Event	Date / time	IP address
Logged in	less than 10 seconds ago	11.22.11.22 (Austin TX USA)
Logged in	June 22, 2020	22.33.22.33 (Austin TX USA)
Logged in	June 19, 2020	44.55.44.55 (Timbuktu, Mali)
Logged in	June 19, 2020	66.77.66.77 (Austin TX, USA)

Additional context This shouldn't require external API calls. Using something like https://pypi.org/project/geoip2/ with an embedded database like https://dev.maxmind.com/geoip/geoip2/geolite2/ would probably work.

Ideally this would be determined on the fly and not stored anywhere (e.g. along with the IP address), so if we someday replaced the mechanism with something more precise (or just updated the embedded DB) the updates would be immediately reflected.

Todo list

[x] Use Fastly's geolocation services to determine geographic location at edge
[x] Hash & salt IP addresses at edge, pass those to our backends/logs (populate a X-PyPI-Hashed-IP header.
[x] Replace IP addresses in gunicorn logs
[x] Begin storing hashed IPs everywhere for all events
[x] Replace IP addresses in the user-facing UI (user/project events) with corresponding geolocation data
[x] ~~Replace IP addresses in journals with corresponding hashed IP~~
[x] Drop submitted_from column from journals table (duplicated in ProjectEvent)
[ ] For all events tables, change IP columns to CIText, retroactively hash IP addresses (geoIP data will be missing)
[ ] For Admin IP addresses table, data migration to retroactively hash the IP addresses.
[ ] Drop X-Fastly-IP header at edge

sanjaysiddhanti commented 4 years ago

@di I can help with this. A couple questions:

I downloaded the Geolite2 city DB and the file size is 60M. I don't think it's a good idea to check this into the git repo. Does Warehouse use S3 or something similar where we could store this?
Related to the above, how do you recommend making the DB available to the application? We could pull it from S3 during the Docker build, but I wonder if there's a better option like mounting it as a volume when the container starts. I'm not familiar with how Warehouse is deployed (though I did read https://warehouse.readthedocs.io/application/), so let me know how you typically handle this.

di commented 4 years ago

I downloaded the Geolite2 city DB and the file size is 60M. I don't think it's a good idea to check this into the git repo.

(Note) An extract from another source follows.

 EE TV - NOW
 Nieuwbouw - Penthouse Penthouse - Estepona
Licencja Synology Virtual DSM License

I'm surprised it's that large -- we might want to see if there are more lightweight options, or whether we can slim it down at all (IIUC it probably contains a lot of data we don't need). That said, we check in the development database which clocks in at more than 60MB, so this might be OK for a one-time thing.

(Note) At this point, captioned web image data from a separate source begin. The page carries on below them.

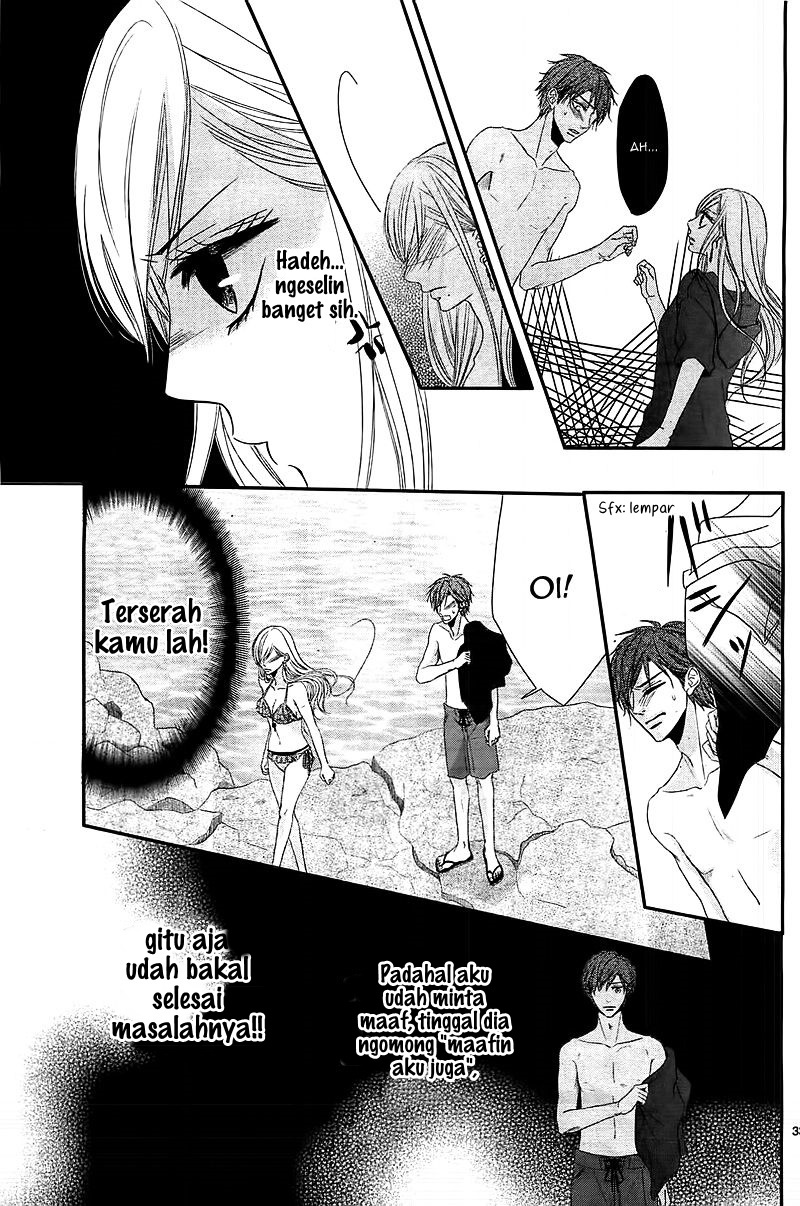 Otokonoko ni Toriko Chapter 01 Gambar 35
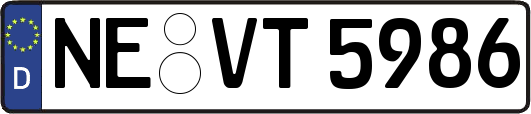 NE-VT5986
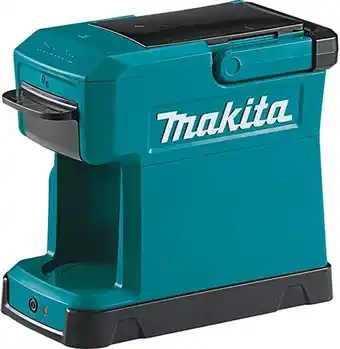 Amazon Makita cafetera a batería dcm501z, 12vmax cxt - 14,4v/18v lxt oferta
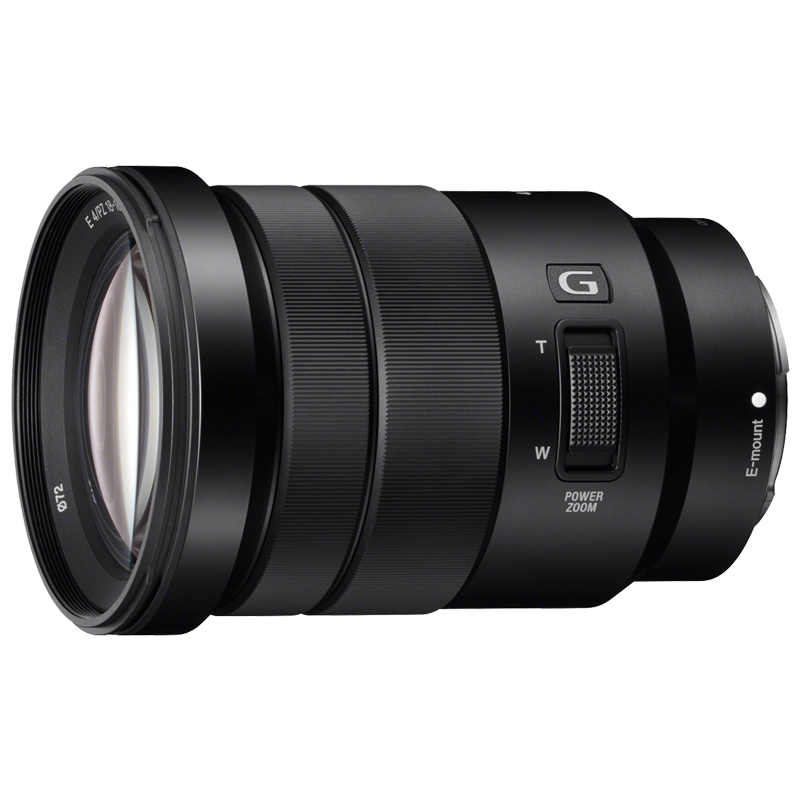 SONY E PZ 18-105mm F4 G OSS APS-C Format Standard Zoom Mirrorless Camera G Lens SELP18105G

Does Warehouse use S3 or something similar where we could store this?

We use a datastore to store PyPI's files, but it wouldn't really be appropriate to put this there. In the best possible case, this would be a package on PyPI we could just add as a dependency, but I couldn't find anything that included it's own database, just libraries that talked to external APIs.

Related to the above, how do you recommend making the DB available to the application?

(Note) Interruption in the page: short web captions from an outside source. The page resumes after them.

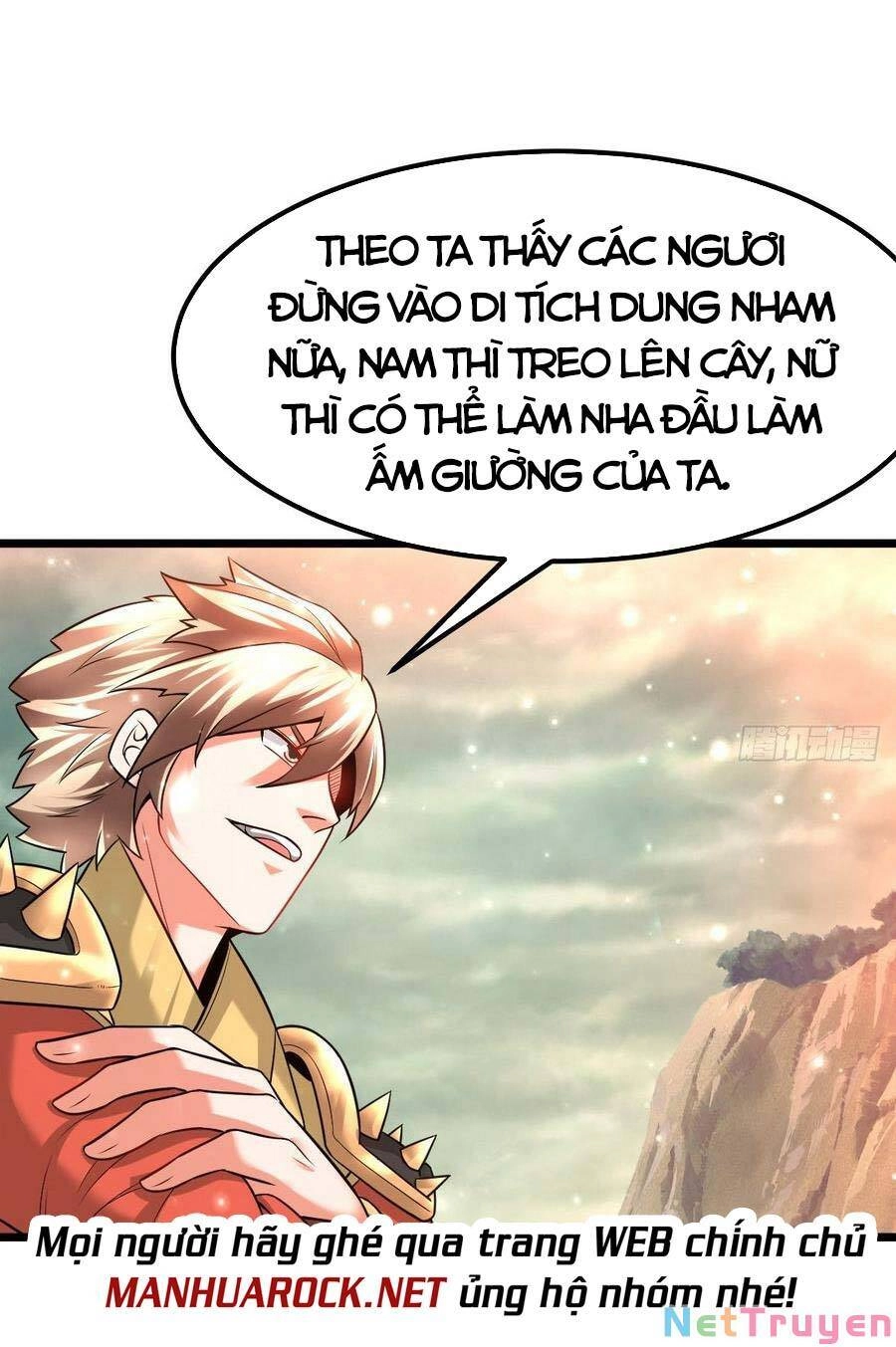 Võ Đạo Đỉnh Phong Chapter 33 - 17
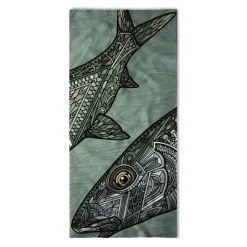 Buff Tour De Cou Andrea Larko Bonefish Sage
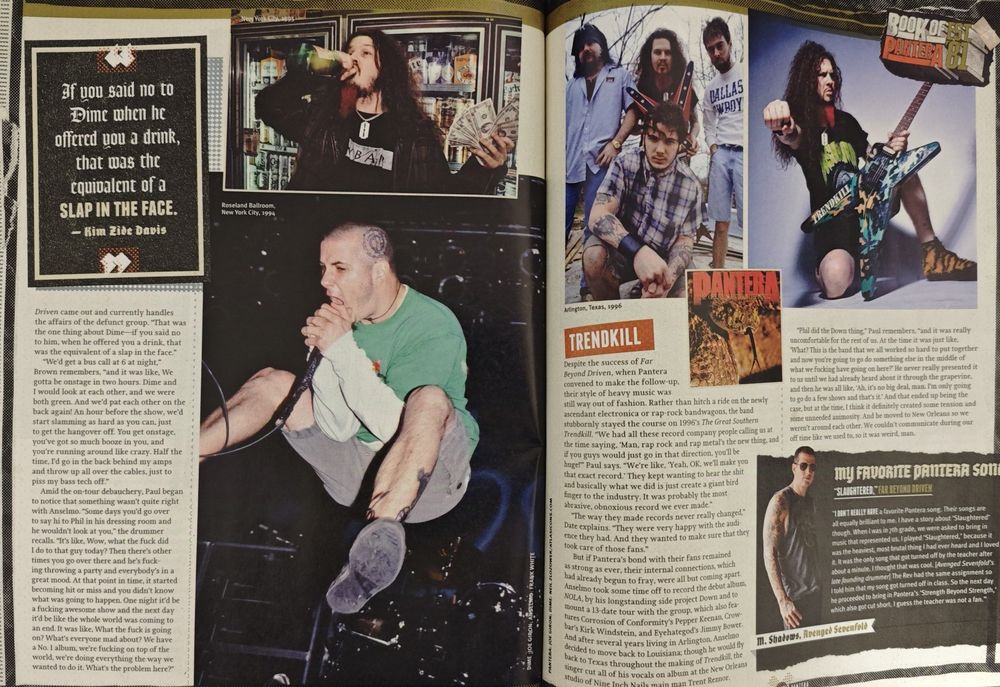 Pantera - Revolver Special Collector's edition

I think the easiest thing to do would be to add it into the repo and pull it in from there. Given the size though, I'm a little hesitant to say that's the best option.

sanjaysiddhanti commented 4 years ago

I'm looking into lighter weight options, taking inspiration from other libraries. There are also some recent license changes to the Geolite2 DB that we'll need to review, but I'll first look at other options

sanjaysiddhanti commented 4 years ago

I looked at db-ip's City DB. It has a more permissive license, but it's even bigger - 85M.

Both providers offer a CSV format but in both cases, CSV is bigger than the corresponding MMDB file.

I don't know how we would slim down the MMDB file, and curating the CSV file seems like a lot of work, especially since they release regular updates and we may not want to be locked in to the version that we curate.

So it sounds like we can check one of the MMDB files into the git repo, or make an external API call - what was the reason that you didn't like the API call?

di commented 4 years ago

what was the reason that you didn't like the API call?

Potential added expense / external dependency, probably not worth it for this very small feature. Unless we could do this entirely on the frontend, in JS, for free... is that an option?

Agreed we probably don't want to curate CSV files.

sanjaysiddhanti commented 4 years ago

Hmm. We could do it in JS if the user grants access to their location, but then we'd need to store that in a DB to look back at it for future logins. To get the location just from IP, I think we'd still need an API call from the JS code.

There are also country DBs that are much smaller (the Geolite country DB is less than 4M). But I don't think it helps us much to display the country of the user?

di commented 4 years ago

Ah, I meant call some API from JS, not correlate the user's location from their browser w/ their IP.

Another consideration for not using an API is maintaining privacy, i.e. keeping all the IPs w/in Warehouse.

I think just displaying the country is probably too vague to be useful.

SanketDG commented 4 years ago

Ah, I meant call some API from JS

If you are talking about a REST API (and not a library), wouldn't that also route all the IPs to an external location?

pradyunsg commented 4 years ago

@di Is there some reason (perhaps legal) that we can't have the Geolite2 or db-ips actual databases in a Python Package that we make a dependency of warehouse, and not add them into this repository directly?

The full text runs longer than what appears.